### Task material
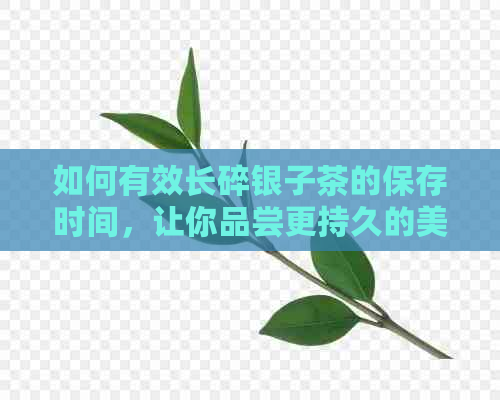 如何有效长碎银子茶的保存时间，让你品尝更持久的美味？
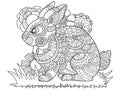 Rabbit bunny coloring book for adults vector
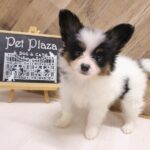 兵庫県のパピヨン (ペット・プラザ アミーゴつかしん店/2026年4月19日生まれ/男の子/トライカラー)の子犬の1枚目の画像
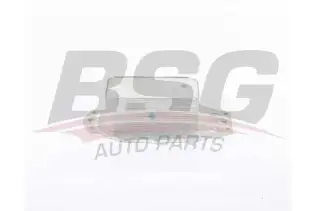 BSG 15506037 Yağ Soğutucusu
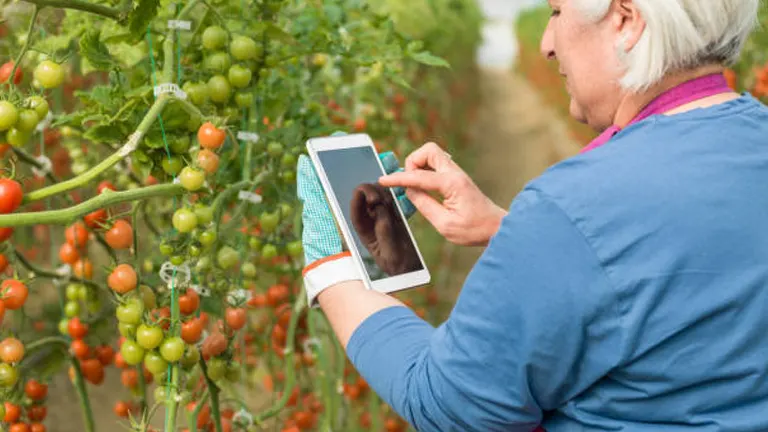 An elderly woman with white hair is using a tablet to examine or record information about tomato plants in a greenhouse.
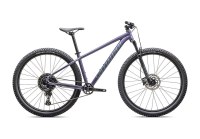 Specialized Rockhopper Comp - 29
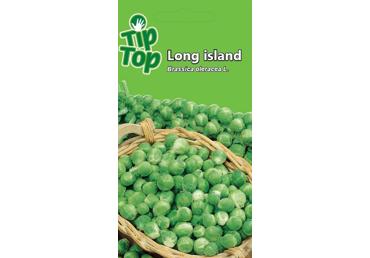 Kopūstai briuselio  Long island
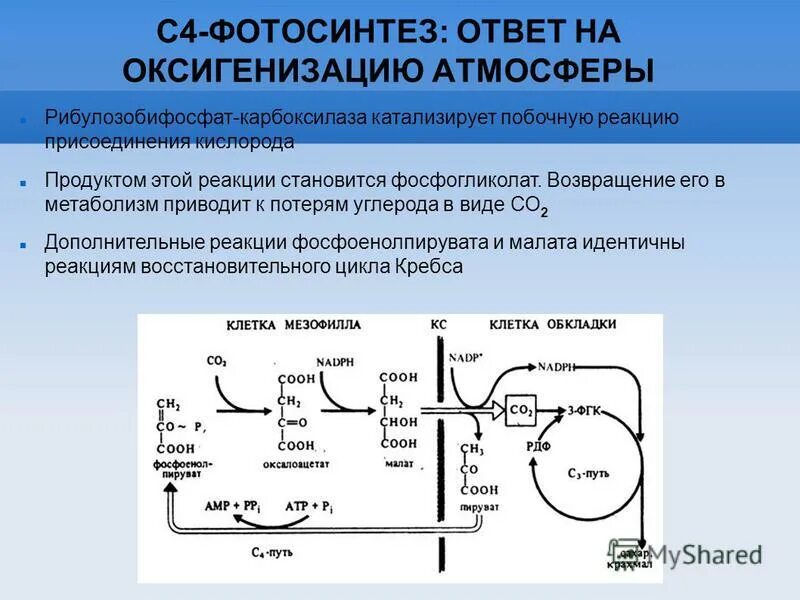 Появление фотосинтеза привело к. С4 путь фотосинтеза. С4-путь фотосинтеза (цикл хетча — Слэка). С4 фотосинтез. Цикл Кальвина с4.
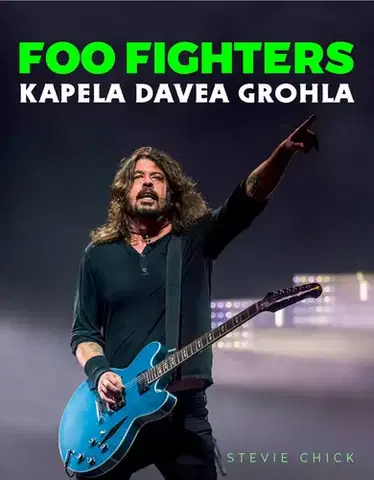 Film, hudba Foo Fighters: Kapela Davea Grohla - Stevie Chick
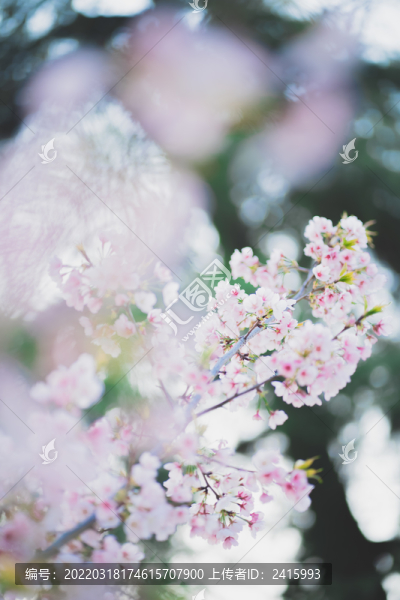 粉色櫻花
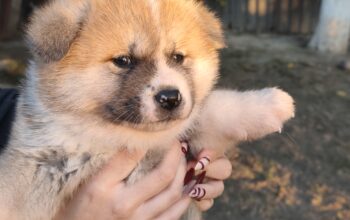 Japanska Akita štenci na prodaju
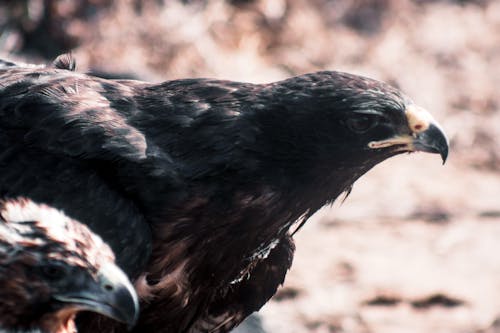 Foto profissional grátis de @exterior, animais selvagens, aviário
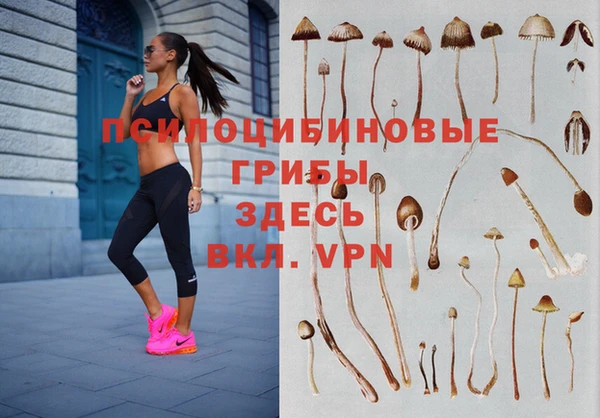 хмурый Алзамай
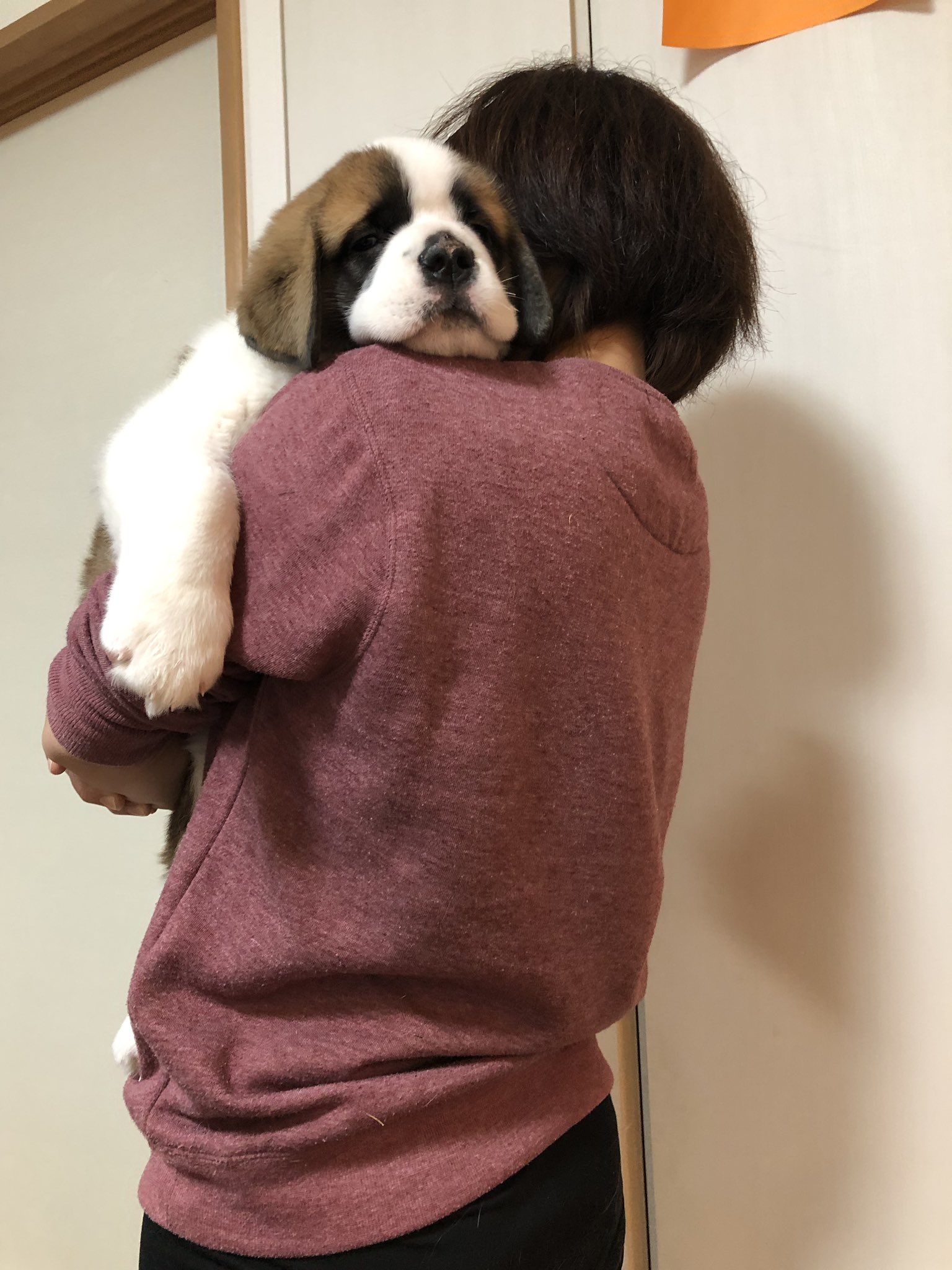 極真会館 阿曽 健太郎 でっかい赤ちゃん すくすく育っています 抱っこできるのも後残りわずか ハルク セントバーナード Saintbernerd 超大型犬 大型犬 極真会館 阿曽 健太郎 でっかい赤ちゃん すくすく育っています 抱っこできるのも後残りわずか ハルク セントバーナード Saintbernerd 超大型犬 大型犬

==

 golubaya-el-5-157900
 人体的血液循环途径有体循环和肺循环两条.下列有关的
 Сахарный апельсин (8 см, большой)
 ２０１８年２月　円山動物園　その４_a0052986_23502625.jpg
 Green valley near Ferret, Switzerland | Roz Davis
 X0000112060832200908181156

### Task prompt
Above are some records; quote exactly and only the lines that begin at the line containing "如何有效长碎银子茶的保存时间，让你品尝更持久的美味？" and stop after the line containing "超大型犬 大型犬 極真会館", leaving out the pictures.

### Task output
 如何有效长碎银子茶的保存时间，让你品尝更持久的美味？
 Rabbit bunny coloring book for adults vector
 兵庫県のパピヨン (ペット・プラザ アミーゴつかしん店/2026年4月19日生まれ/男の子/トライカラー)の子犬の1枚目の画像
 BSG 15506037 Yağ Soğutucusu
 An elderly woman with white hair is using a tablet to examine or record information about tomato plants in a greenhouse.
 Specialized Rockhopper Comp - 29
 Kopūstai briuselio  Long island
 Появление фотосинтеза привело к. С4 путь фотосинтеза. С4-путь фотосинтеза (цикл хетча — Слэка). С4 фотосинтез. Цикл Кальвина с4.
 Film, hudba Foo Fighters: Kapela Davea Grohla - Stevie Chick
 粉色櫻花
 Japanska Akita štenci na prodaju
 Foto profissional grátis de @exterior, animais selvagens, aviário
 хмурый Алзамай
 極真会館 阿曽 健太郎 でっかい赤ちゃん すくすく育っています 抱っこできるのも後残りわずか ハルク セントバーナード Saintbernerd 超大型犬 大型犬 極真会館 阿曽 健太郎 でっかい赤ちゃん すくすく育っています 抱っこできるのも後残りわずか ハルク セントバーナード Saintbernerd 超大型犬 大型犬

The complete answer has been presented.